OrgCode Duplicate Filter

I was asked to work my “Unix magic”.

The problem? Duplicate courses were spooled and converted from the WebCT format to the Desire2Learn. The conversion process creates an import file using the WebCT SourcedId.Id as the OrgCode. The first time the OrgCode is used, it creates a course. The next and subsequent times, it duplicates content. So these duplicate converted courses gave us a situation where we were screwed.

Fortunately our partners at Desire2Learn intercepted the problem before it got worse.

Out of 1,505 still to be imported, there were 468 duplicates. Yes, 31% duplicates.

D2L asked me to filter the imports to remove the duplicates. I said I am too much of a n00b with Windows to pull it off.

The reply was to use Unix.

Boy do I love Bash shell scripting. In two hours I solved it, though after the high of solving something I had no idea how to write this morning in two hours, there must be something wrong with it.

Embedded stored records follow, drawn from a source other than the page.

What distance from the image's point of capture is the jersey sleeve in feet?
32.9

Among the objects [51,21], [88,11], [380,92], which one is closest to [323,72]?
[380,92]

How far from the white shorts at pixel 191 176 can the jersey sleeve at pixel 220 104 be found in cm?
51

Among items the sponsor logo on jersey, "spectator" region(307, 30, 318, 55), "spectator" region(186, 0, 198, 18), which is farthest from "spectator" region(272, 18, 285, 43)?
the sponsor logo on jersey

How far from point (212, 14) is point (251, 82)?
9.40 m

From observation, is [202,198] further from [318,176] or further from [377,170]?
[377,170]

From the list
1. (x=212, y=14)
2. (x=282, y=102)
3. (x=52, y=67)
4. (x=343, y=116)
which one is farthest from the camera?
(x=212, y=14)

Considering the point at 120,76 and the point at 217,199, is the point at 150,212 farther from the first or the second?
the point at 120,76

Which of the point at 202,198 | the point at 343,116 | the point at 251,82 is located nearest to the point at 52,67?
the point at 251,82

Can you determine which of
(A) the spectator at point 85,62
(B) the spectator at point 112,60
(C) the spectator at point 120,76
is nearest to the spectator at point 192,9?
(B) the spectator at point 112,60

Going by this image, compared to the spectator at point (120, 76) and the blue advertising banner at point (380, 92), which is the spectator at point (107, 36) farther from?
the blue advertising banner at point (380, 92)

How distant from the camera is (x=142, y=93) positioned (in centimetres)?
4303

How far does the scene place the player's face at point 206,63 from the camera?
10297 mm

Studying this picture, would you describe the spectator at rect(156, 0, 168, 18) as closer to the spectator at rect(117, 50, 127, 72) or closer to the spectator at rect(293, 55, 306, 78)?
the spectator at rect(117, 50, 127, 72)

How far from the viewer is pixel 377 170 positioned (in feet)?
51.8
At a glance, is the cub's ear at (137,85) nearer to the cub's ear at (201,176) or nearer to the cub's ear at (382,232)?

First, my general idea was to read the file line by line and write those lines with OrgCodes that do not yet exist to a filtered.csv file. I started out looking to exactly duplicate my existing file in another file by reading it line by line.

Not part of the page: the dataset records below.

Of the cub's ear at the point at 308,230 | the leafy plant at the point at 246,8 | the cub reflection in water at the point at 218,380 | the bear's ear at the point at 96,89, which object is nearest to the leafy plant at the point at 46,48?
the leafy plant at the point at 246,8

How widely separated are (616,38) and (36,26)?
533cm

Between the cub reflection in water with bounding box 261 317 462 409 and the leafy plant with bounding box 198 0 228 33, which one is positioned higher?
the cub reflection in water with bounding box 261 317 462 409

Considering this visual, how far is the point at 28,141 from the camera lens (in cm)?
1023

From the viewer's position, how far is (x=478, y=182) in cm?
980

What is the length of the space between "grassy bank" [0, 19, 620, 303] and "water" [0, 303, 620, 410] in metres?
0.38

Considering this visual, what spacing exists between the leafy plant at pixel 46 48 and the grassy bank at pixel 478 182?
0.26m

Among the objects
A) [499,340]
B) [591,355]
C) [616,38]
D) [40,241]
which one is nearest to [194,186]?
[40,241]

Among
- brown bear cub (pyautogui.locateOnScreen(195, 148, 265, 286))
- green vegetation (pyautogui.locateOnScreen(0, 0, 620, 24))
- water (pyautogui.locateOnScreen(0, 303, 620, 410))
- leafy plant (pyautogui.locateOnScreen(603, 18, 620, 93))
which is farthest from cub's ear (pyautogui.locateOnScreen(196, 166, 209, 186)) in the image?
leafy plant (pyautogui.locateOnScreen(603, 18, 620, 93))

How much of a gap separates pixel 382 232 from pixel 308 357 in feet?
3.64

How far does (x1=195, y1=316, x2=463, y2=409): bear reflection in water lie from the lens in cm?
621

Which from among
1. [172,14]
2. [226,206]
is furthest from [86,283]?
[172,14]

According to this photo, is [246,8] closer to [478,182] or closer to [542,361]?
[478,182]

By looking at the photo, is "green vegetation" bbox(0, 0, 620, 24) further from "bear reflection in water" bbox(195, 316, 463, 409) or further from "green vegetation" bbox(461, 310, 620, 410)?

A while loop which reads each line and records the whole line in a variable.

INPUTFILE=/path/to/file.txt
exec<$INPUTFILE
while read LINE
do
     stuff...
done

I quickly discovered though that since Windows uses the backslash, that foiled the ability of echo to exactly write every line to a file. The backslash escapes the next character. Neither double nor single quotes helped the situation. Oops. So I decided to use sed to make a temporary copy to duplicate the backslashes. A first backslash escapes the next character, in this case a second backslash.

sed -e 's|\\|\\\\|g'

As an error check, the last thing the script does is a diff -u to compare source and new files. At this stage nothing means perfect. I like the -u to give me easier to read results.

So I was able to get an exact copy of the original. All that was next was to get the OrgCode, check it against my filtered file, and if it did not exist, then add it to the end of the filtered file.

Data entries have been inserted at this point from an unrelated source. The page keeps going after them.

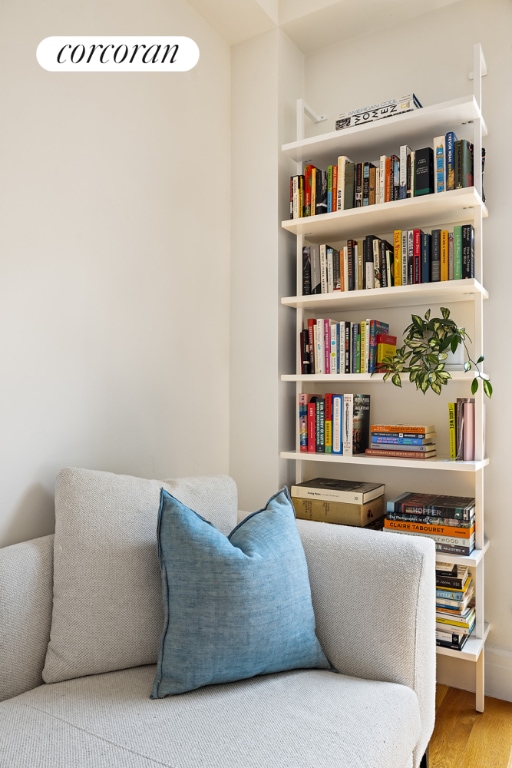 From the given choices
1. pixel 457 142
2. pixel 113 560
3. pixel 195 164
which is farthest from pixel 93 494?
pixel 457 142

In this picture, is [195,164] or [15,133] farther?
[195,164]

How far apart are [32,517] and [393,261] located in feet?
4.85

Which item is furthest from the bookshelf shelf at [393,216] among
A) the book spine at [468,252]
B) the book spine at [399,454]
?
the book spine at [399,454]

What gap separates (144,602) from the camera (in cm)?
138

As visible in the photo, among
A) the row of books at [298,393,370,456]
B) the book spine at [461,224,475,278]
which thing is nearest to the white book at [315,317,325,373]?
the row of books at [298,393,370,456]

ORGCODE=`cat $LINE | awk -F, '{print $1}'`
IF_EXISTS=`grep $ORGCODE $FILTERFILE`
if [ -z IF_EXISTS ] ; then
     echo $LINE >>  $FILTERFILE
fi

Easy. Too easy?

The checks against my work confirmed it worked.

    1. A sorted version of the source run through this and compared in diff -u consistently showed the correct lines were excluded.
    2. Counts for the number of duplicates and the difference of lines missing works.
    3. A check for the number of duplicate OrgCodes returns nothing on the filtered file.

Back Door Restore

Humans make mistakes. Our clients’ administrators some times do very bad things without malicious intent. The “Deny Access” button is too close to the “Delete” one. About 160 student accounts were deleted.

The hypothesis came to me that sections keep data when a student is removed. Maybe it keeps the data when a student’s account is deleted. If I can trick the system into thinking the same student came back, then maybe it will relink the data. Everyone is happy.

To test this hypothesis, I…

  • Exported a copy of the grade book for my test student account in a test CE/Vista 8.0.6 system. Should the test go bad, then I could at least restore the grades.
  • Copied the account’s profile to a text file for the user name, sourcedid.source, and sourcedid.id.
  • Created a new account, gave it  the same user name, sourcedid.source, and sourcedid.id (and first, last, password).
  • Enrolled the account into the original class as a student.

The grades were missing. Clearly my hypothesis was wrong. Data is not kept around for deleted students like it for unenrolled students. Which sucks.

In my retest, I…

  • Unrolled the same account. The grade book showed the student’s data in red, meaning the account was unenrolled but the data still there.
  • Deleted the same account. The grade book still showed the student’s data in red.
  • Created a new account with a 2 in the user name and added it to the section. The grade book showed the new account not the one I deleted.

I hope this means I still saw the data post-delete because of the cache services. Changing the enrollment changed what was stored in the cache so the old account disappeared at that point. A couple more tries confirms the behavior of the student appearing in the grade book post-delete.

Still disconcerting deleted users appear in the grade book.